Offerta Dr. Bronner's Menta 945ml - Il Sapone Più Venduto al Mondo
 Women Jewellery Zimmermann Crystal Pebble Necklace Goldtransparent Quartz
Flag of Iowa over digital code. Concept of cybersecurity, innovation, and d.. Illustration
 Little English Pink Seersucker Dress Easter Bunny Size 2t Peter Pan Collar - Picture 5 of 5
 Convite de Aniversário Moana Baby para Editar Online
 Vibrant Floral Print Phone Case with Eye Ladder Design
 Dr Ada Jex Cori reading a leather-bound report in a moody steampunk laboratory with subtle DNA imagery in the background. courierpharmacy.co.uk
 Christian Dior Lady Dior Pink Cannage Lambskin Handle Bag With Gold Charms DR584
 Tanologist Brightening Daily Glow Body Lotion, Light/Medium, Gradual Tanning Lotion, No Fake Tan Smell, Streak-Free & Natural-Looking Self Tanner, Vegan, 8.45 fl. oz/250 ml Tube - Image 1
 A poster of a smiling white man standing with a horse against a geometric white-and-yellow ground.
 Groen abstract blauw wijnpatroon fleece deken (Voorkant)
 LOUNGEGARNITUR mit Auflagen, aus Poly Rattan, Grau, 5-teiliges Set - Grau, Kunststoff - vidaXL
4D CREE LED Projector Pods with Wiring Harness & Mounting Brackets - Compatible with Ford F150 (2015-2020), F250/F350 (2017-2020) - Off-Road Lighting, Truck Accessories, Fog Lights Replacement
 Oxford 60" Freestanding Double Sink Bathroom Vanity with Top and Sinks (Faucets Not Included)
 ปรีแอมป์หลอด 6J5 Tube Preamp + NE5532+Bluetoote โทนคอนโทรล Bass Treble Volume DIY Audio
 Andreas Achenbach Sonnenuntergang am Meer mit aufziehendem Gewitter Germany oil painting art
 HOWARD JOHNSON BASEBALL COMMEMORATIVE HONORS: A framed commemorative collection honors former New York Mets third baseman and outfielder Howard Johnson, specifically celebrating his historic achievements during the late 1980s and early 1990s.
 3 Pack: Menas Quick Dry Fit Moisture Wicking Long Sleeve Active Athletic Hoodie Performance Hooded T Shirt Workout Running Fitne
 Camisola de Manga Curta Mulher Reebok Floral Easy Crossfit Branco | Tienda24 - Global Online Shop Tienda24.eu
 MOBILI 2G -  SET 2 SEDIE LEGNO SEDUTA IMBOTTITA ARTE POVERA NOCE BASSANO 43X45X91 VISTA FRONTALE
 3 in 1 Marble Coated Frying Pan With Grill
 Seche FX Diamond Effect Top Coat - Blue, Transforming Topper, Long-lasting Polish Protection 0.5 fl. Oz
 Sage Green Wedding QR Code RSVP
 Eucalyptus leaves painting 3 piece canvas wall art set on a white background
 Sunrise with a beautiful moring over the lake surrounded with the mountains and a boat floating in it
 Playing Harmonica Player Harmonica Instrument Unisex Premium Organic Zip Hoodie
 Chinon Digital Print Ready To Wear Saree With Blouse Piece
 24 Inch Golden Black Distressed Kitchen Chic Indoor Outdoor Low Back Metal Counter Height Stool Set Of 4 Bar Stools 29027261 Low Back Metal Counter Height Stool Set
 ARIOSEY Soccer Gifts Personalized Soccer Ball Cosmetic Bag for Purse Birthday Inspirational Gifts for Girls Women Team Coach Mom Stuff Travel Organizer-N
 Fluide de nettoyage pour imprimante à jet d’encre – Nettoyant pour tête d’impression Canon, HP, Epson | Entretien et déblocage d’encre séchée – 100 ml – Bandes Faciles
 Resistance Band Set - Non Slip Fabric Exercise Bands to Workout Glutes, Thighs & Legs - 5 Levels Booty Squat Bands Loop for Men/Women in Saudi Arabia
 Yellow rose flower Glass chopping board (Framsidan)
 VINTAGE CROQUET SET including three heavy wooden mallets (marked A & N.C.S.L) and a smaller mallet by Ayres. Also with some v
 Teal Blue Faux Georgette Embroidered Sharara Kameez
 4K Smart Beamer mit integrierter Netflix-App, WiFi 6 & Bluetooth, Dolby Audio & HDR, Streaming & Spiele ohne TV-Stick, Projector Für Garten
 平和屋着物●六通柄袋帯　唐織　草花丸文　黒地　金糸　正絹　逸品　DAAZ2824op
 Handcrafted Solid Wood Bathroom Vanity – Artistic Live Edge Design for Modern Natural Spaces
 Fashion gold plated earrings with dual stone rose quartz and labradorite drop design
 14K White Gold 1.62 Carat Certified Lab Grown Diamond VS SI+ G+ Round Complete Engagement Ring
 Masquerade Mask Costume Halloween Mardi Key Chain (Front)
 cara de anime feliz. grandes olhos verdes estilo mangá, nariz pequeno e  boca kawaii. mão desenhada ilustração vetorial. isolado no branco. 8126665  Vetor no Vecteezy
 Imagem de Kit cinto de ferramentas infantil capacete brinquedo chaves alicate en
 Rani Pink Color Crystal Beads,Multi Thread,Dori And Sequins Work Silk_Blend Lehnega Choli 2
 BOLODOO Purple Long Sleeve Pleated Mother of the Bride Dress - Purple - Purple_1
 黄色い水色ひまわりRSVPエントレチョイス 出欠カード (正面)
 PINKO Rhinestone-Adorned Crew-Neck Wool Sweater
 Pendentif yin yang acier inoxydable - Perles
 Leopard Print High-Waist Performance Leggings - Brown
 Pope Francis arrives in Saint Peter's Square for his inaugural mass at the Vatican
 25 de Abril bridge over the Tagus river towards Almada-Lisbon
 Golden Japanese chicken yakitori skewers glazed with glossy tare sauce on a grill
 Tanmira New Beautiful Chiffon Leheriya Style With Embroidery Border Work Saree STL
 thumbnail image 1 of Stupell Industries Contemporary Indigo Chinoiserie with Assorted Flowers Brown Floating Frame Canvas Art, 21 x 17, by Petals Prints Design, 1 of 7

▶ [Exercise] In the material above, transcribe exactly the lines beginning at the one with "Sage Green Wedding QR Code RSVP" and ending at the one with "Sunrise with a", both included.

▶ [Answer to this exercise]
 Sage Green Wedding QR Code RSVP
 Eucalyptus leaves painting 3 piece canvas wall art set on a white background
 Sunrise with a beautiful moring over the lake surrounded with the mountains and a boat floating in it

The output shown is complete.